Re: [PATCH v4 2/6] can: etas_es58x: add devlink support

From: Alan Stern
Date: Mon Nov 28 2022 - 10:50:45 EST


On Mon, Nov 28, 2022 at 02:32:23PM +0900, Vincent MAILHOL wrote:
> On Mon. 28 Nov. 2022 at 10:34, Vincent MAILHOL
> <mailhol.vincent@xxxxxxxxxx> wrote:
> > On Mon. 28 Nov. 2022 at 00:41, Alan Stern <stern@xxxxxxxxxxxxxxxxxxx> wrote:
> > > On Sun, Nov 27, 2022 at 02:10:32PM +0900, Vincent MAILHOL wrote:
> > > > > Should devlink_free() be after usb_set_inftdata()?
> > > >
> > > > A look at
> > > > $ git grep -W "usb_set_intfdata(.*NULL)"
> > > >
> > > > shows that the two patterns (freeing before or after
> > > > usb_set_intfdata()) coexist.
> > > >
> > > > You are raising an important question here. usb_set_intfdata() does
> > > > not have documentation that freeing before it is risky. And the
> > > > documentation of usb_driver::disconnect says that:
> > > > "@disconnect: Called when the interface is no longer accessible,
> > > > usually because its device has been (or is being) disconnected
> > > > or the driver module is being unloaded."
> > > > Ref: https://elixir.bootlin.com/linux/v6.1-rc6/source/include/linux/usb.h#L1130
> > > >
> > > > So the interface no longer being accessible makes me assume that the
> > > > order does not matter. If it indeed matters, then this is a foot gun
> > > > and there is some clean-up work waiting for us on many drivers.
> > > >
> > > > @Greg, any thoughts on whether or not the order of usb_set_intfdata()
> > > > and resource freeing matters or not?
> > >
> > > In fact, drivers don't have to call usb_set_intfdata(NULL) at all; the
> > > USB core does it for them after the ->disconnect() callback returns.
> >
> > Interesting. This fact is widely unknown, cf:
> > $ git grep "usb_set_intfdata(.*NULL)" | wc -l
> > 215
> >
> > I will do some clean-up later on, at least for the CAN USB drivers.
> >
> > > But if a driver does make the call, it should be careful to ensure that
> > > the call happens _after_ the driver is finished using the interface-data
> > > pointer.
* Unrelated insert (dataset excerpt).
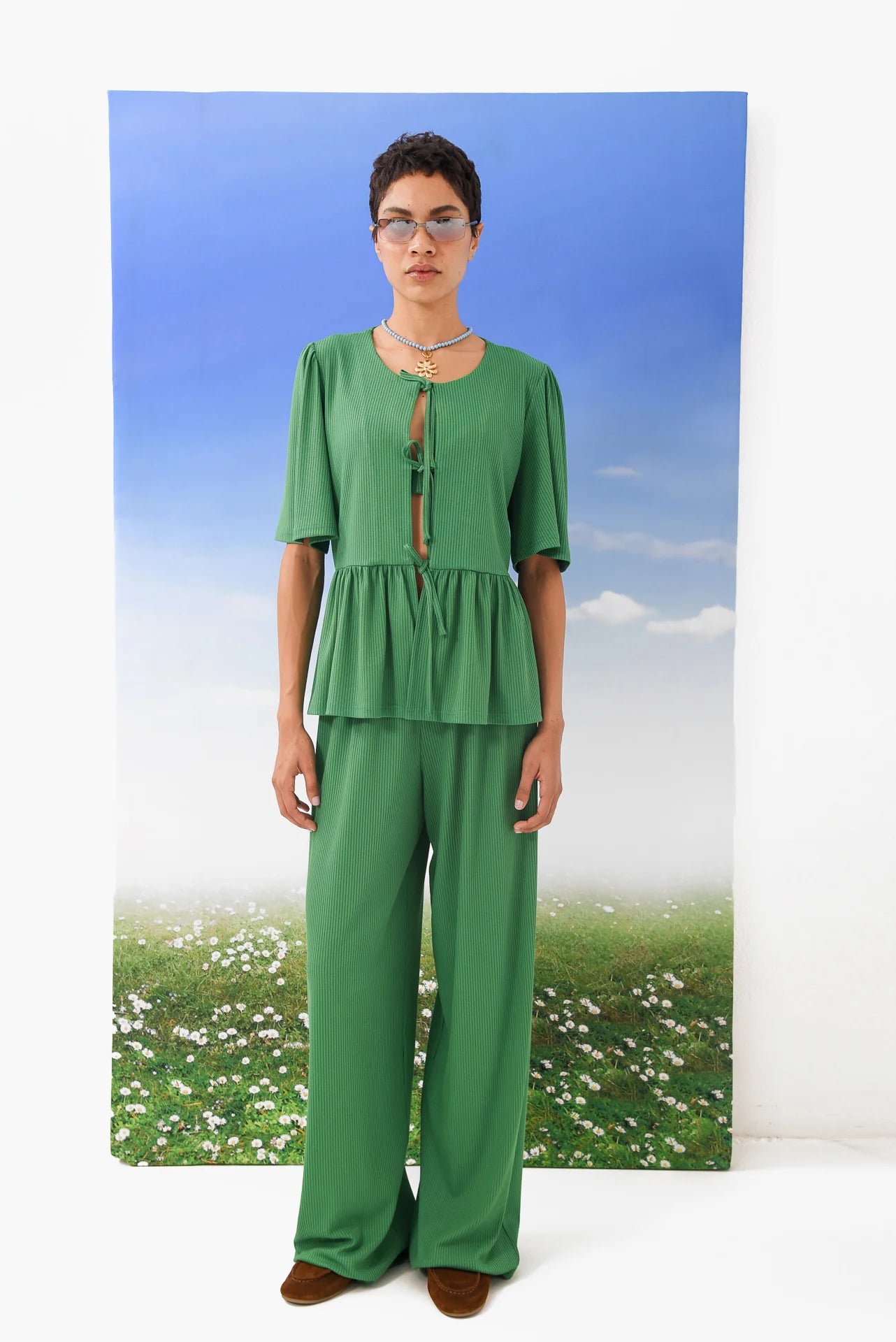 TANNED TOP GREEN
For example, after all outstanding URBs have completed, if the
> > > completion handlers will need to call usb_get_intfdata().
> >
> > ACK. I understand that it should be called *after* the completion of
> > any ongoing task.
> >
> > My question was more on:
> >
> > devlink_free(priv_to_devlink(es58x_dev));
> > usb_set_intfdata(intf, NULL);
> >
> > VS.
> >
> > usb_set_intfdata(intf, NULL);
> > devlink_free(priv_to_devlink(es58x_dev));
> >
> > From your comments, I understand that both are fine.
>
> Do we agree that the usb-skeleton is doing it wrong?
> https://elixir.bootlin.com/linux/latest/source/drivers/usb/usb-skeleton.c#L567
> usb_set_intfdata(interface, NULL) is called before deregistering the
> interface and terminating the outstanding URBs!
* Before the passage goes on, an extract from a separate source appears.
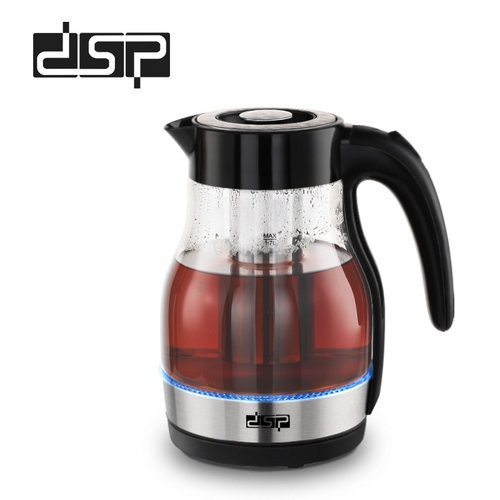 DSP/丹松  烧水壶电热水壶家用1.7L容量玻璃开水壶自动断电电水壶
Going through the usb-skeleton.c source code, you will find that
usb_get_intfdata() is called from only a few routines:

skel_open()
skel_disconnect()
skel_suspend()
skel_pre_reset()
skel_post_reset()

Of those, all but the first are called only by the USB core and they are
mutually exclusive with disconnect processing (except for
skel_disconnect() itself, of course). So they don't matter.
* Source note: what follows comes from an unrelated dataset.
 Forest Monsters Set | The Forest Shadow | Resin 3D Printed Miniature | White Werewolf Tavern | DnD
The first, skel_open(), can be called as a result of actions by the
user, so the driver needs to ensure that this can't happen after it
clears the interface-data pointer. The user can open the device file at
any time before the minor number is given back, so it is not proper to
call usb_set_intfdata(interface, NULL) before usb_deregister_dev() --
but the driver does exactly this!

(Well, it's not quite that bad. skel_open() does check whether the
interface-data pointer value it gets from usb_get_intfdata() is NULL.
But it's still a race.)

So yes, the current code is wrong. And in fact, it will still be wrong
even after the usb_set_intfdata(interface, NULL) line is removed,
because there is no synchronization between skel_open() and
skel_disconnect(). It is possible for skel_disconnect() to run to
completion and the USB core to clear the interface-data pointer all
while skel_open() is running. The driver needs a static private mutex
to synchronize opens with unregistrations. (This is a general
phenomenon, true of all drivers that have a user interface such as a
device file.)

The driver _does_ have a per-instance mutex, dev->io_mutex, to
synchronize I/O with disconnects. But that's separate from
synchronizing opens with unregistrations, because at open time the
driver doesn't yet know the address of the private data structure or
even if the structure is still allocated. So obviously it can't use a
mutex that is embedded within the private data structure for this
purpose.

Alan Stern